It's a truism in storage: consumer's average files are bigger, making bandwidth more important than IOPS. But new research shows that's not true - among other interesting results.
A recent paper, A Study of Practical Deduplication (pdf) by William Bolosky of Microsoft Research and Dutch Meyer of the University of British Columbia looked at how Windows file systems have evolved in the last decade. The paper was presented at the Usenix FAST '11 conference and won the Best Paper award.
- Median files sizes aren't changing. Yes, the largest files are larger - think audio and especially HD video - but small files continue to proliferate keeping the median file size unchanged for 30 years.
- Average file sizes are larger. While average sizes remain the same, the mean file size has tripled in 10 years to 318k.
- Average file system capacities have tripled. In 2000 few Windows machines had more than 50 GB in their file systems. The systems in the new study found an average of 194 GB of capacity.
- The variety of file types is increasing. The 10 most popular file extensions account for less than 45% of capacity vs over 50% in 2000. Files with no extension are now the most common.
- Defrag works. The background defrag built into Windows works. Researchers found fewer than 4% of all files were fragmented.

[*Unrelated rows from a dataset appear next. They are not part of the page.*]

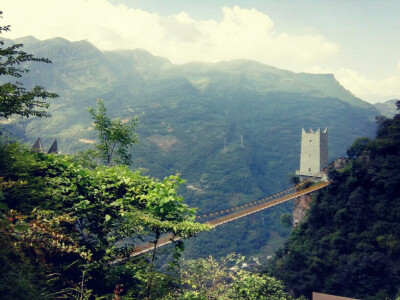 各处风景各不同，情人桥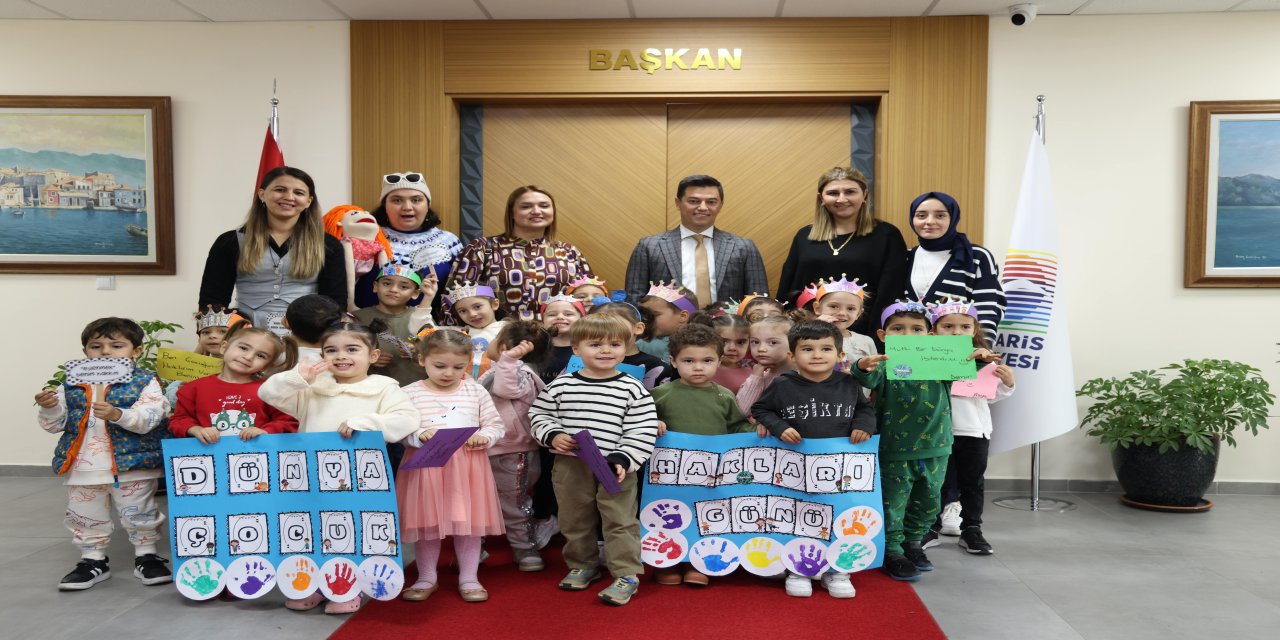 Başkan Ünlü'ye miniklerden ziyaret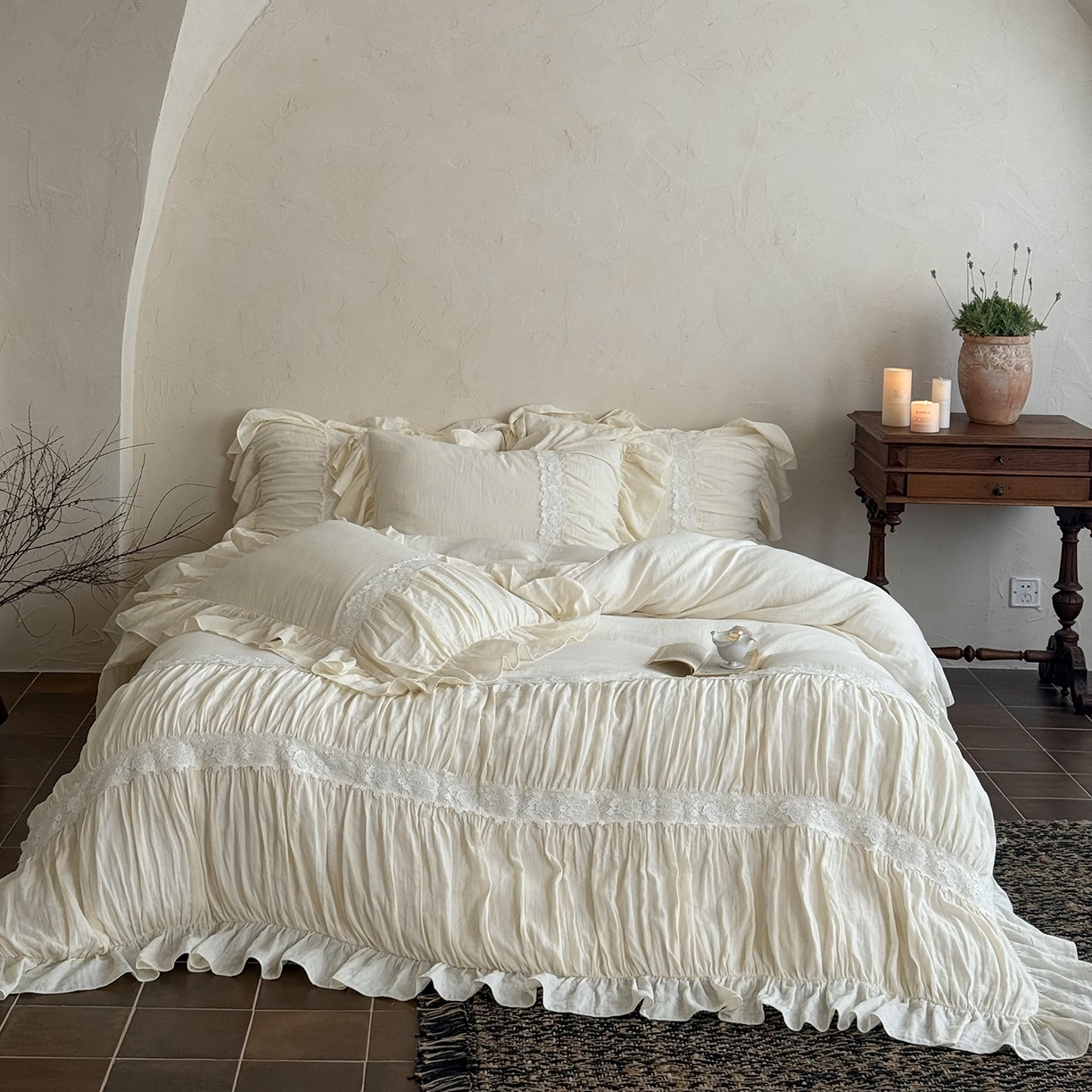 （总）佳汐蓝家纺 2025秋冬新品双层皱皱纱定制花边+打褶+荷叶边四件套--奥黛丽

The Storage Bits take The popularity of SSDs isn't just because they're cool: the proliferation of small files - and the IOPS needed to access them - needs the fast random read performance of SSDs. Seagate is on the right track with their hybrid flash/disk drives.
While the amount of stored data isn't growing as fast as storage capacity, the tripling of file system capacity points up the need for higher data integrity. The more data you store the more likely our crummy file systems are to corrupt your data.
And finally, it's good to see that the background defrag built into Windows and Mac OS - though the latter wasn't included in the study for some reason - actually works. Sometimes problems do get solved.
Comments welcome, of course. BTW, it turns out that simple whole file deduplication combined with sparse file support is an effective - and much simpler - way to deduplicate data.